[What the task asks] What lines below include the string "flower"? Pick them out and copy them.

Input data: Begin

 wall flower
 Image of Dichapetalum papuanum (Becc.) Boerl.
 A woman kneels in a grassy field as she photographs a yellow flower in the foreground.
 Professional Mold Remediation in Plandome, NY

Input data: End

[Written response]
 wall flower
 A woman kneels in a grassy field as she photographs a yellow flower in the foreground.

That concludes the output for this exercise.